Tax advisor to the stars flies flag for region
Jul 27 2009 by Peter McCusker, The Journal
From his plush office in Gateshead, Brad Thomas looks after the financial affairs of some of the world’s leading investment bankers, sports stars and celebrities. Peter McCusker finds out how he found success.
ALMOST a weekly business visitor to London, Brad Thomas wines and dines in some of the capital’s top restaurants professing to enjoying the "food and the atmosphere" in Langan’s Brasserie the best.
One week it might be lunch with a showbiz celebrity, the next a professional footballer and another a hedge fund manager or a leading stockbroker. All of these are found on a client list which is unusually high profile for a Gateshead accountant.
And it’s not just the top London eateries where Thomas can be found, it’s also the same in the top restaurants in the footballing hot spots of Liverpool and Manchester, as well as his home town of Newcastle.
While undertaking tax mitigation and personal finance work for some of the country’s highest earners, Thomas, a partner at independent Gateshead accountants RHK, says he is also flying the flag for the region.
“There is a perception in London that us North Easterners are thorough, hard working and will go that extra mile. London is a great place to work, it’s such a big pot and there are some very rich people down there.”
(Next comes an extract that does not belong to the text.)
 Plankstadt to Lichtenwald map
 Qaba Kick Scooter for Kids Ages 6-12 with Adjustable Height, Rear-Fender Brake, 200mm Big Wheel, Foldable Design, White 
Thomas now looks after the personal financial affairs of dozens of high earning financiers, celebrities and sports stars, including one of the world’s top 10 golfers.
Client confidentiality prevents Thomas from divulging the names of any of his clients, but the testimonials in RHK’s promotional literature and the signed photographs and football shirts which adorn the company’s offices on Coburg Street, Gateshead, near the council offices, tell their own story.
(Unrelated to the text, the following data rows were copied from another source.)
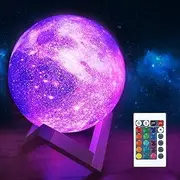 Moon Lamp,CooPark 3D Printing Night Light 16 Colors LED Lighting with 4 Modes USB Charging and Wooden Stand，Remote & Touch Control（15cm/5.9inch Warm Theme Bedroom Decor Cool Creative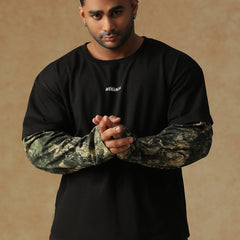 Camo Fusion Layered T-shirt Green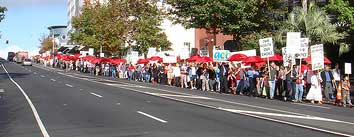 Red Umbrella Leave our Vitamins Alone rally in  Auckland NZ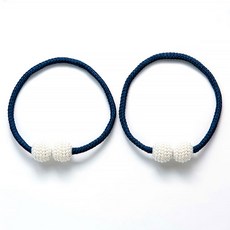 지앤와이 진주알 자석 커튼 타이백, 네이비, 2개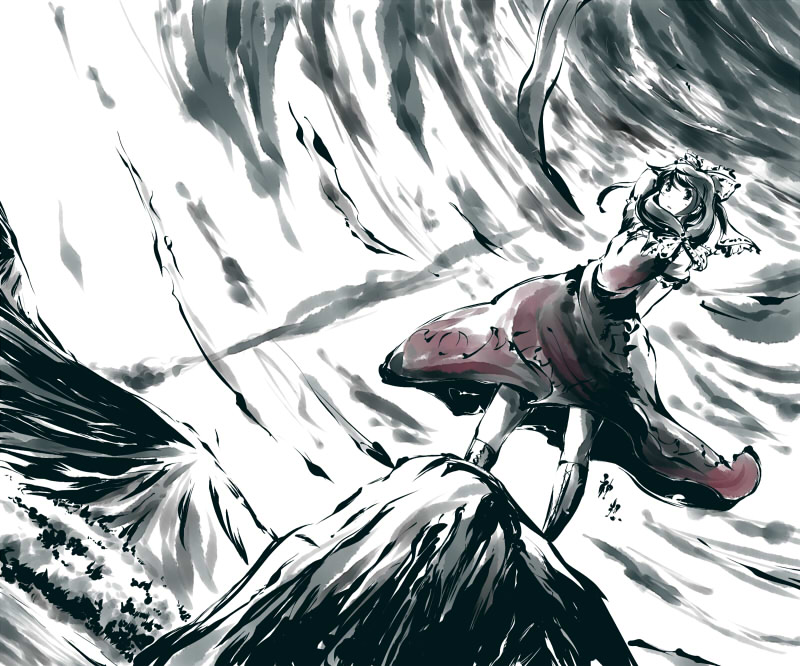 ryuu, ryuu (tsukinoyuki), kagiyama hina, touhou, 1girl, arm up, boots, closed mouth, cloud, cloudy sky, dress, dutch angle, expressionless, female focus, frilled sleeves, frills, front ponytail, green eyes, green hair, knee boots, looking at viewer, mountain, outdoors, puffy short sleeves, puffy sleeves, red dress, short sleeves, sky, smoke, solo, standing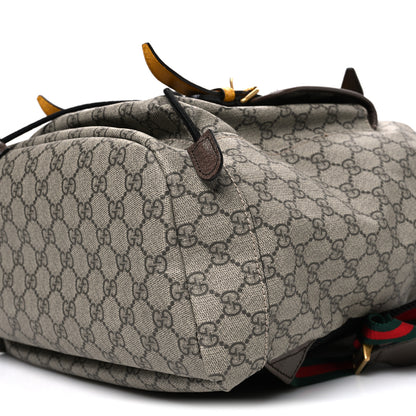 Gucci Soft GG Supreme Monogram Neo Vintage Double Buckle Backpack Beige New Acero Crop 10 of 10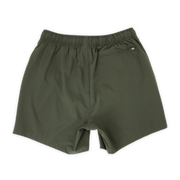 Stretch Swim 5.5" in Military Green back with elastic waistband and back right zippered pocket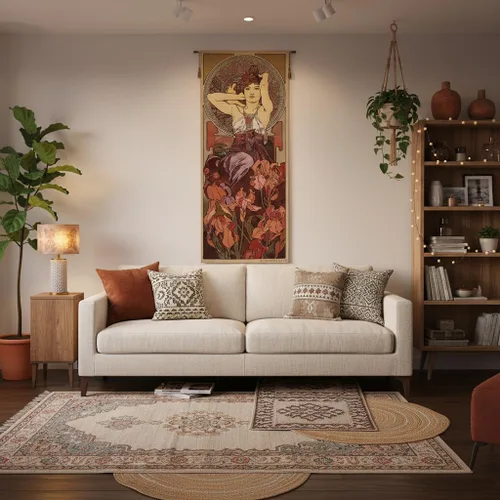 Miniatura 6 de Charlotte Home Furnishings Inc - Tapiz belga de primera calidad con piedra de amatista Mucha para colgar en la pared, 67 x 28 pulgadas, mezcla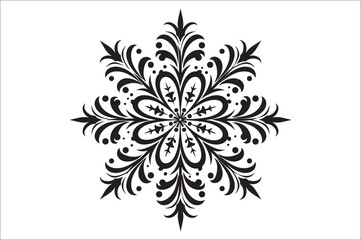 Poster - snowflake silhouettes collection isolated on white background. Flat snowflake icons, Nice element for Christmas banner.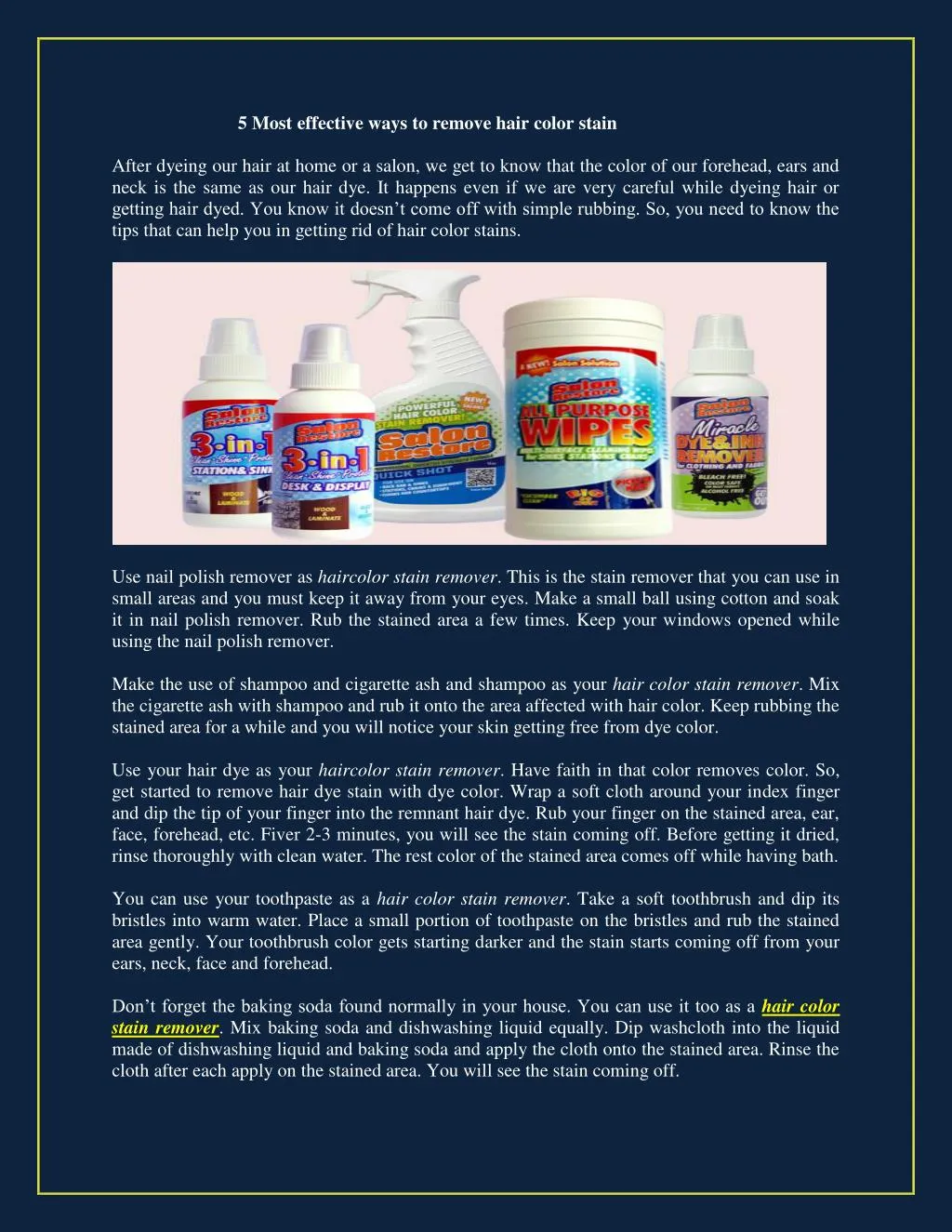 PPT 5 Most effective ways to remove hair color stain PowerPoint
Former Sunderland footballer and Irish international Kevin Kilbane says: “Bradley and RHK have been a massive help to me by dealing with my tax issues quickly and efficiently and saving me money along the way. Great help and great service.”
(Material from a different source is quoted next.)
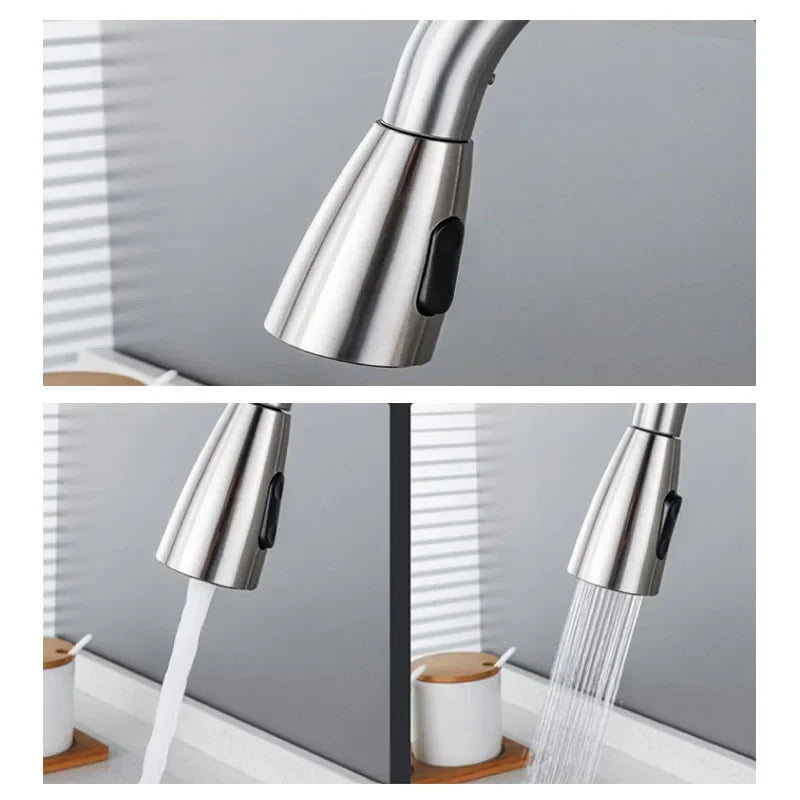 Stainless steel pull-out hot and cold water mixing faucet for kitchen, vegetable sink, washbasin, and bar pull-out faucet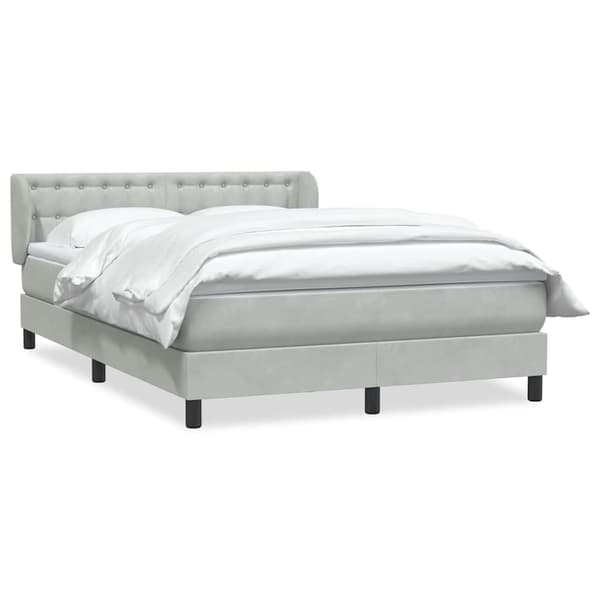 vidaXL Ramsäng med madrass ljusgrå 160x210 cm sammet Grå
Fabulous Flournoy, the head coach and player for Newcastle Eagles basketball team adds: “The services I receive from Bradley Thomas at RHK – from tax advice to personal and business financial planning allow me to focus on my true priorities – winning basketball games. Basically, Bradley takes time to understand my needs and help me win off the court.”
And former Middlesbrough and England football coach Steve Harrison says: “Bradley has not only provided a very professional service, he also has a straightforward and unpretentious approach which, personally speaking, I find very reassuring.”
“It’s all about building good relationships, that’s the key to what I do. A certain level of expertise is expected, but people also want to get on with the person they are dealing with,” says Thomas modestly.
It’s all a far cry from where he began his career after leaving school in Wideopen in 1978. Following his A levels, he joined law firm Dickinson Dees in Newcastle.
He says he enjoyed law, with litigation work being of particular appeal. As he became more involved in commercial law he began to take an interest in tax and left to join accountants Deloitte Haskins and Sells.
His career has followed that tax and personal finance route ever since, and on joining Walker Johnston in 1990, he helped establish tax service and started to work on the tax affairs of high net worth individuals.
This involved lots of networking, helping Thomas develop his relationship-building skills.
Thomas and his wife of 22 years, Susan, were looking to start a family and he was getting itchy feet, and he joined his current employers.
It was during the football boom of the mid-to-late 1990s that Thomas got his break into the world of high-flying football stars.
He explains: “I was working with a radio and TV personality in the North East who went on to become a player’s liaison officer at one of the region’s premiership clubs. “He introduced me to some of the players and many of the foreign stars were concerned by the levels of tax they were paying.
“It was a case of ‘ooh, why is all this money going to the taxman?’ and it basically snowballed from there.
“I spent a lot of time looking into tax cases involving sports people and as word got round, my network of contacts spread across the country.
“We now have a client who is one of the top ten golfers in the world, there are Premiership managers and hedge fund managers.
“Invariably I am seen as a white knight on a charger and one of the questions I am often asked is where is the catch?”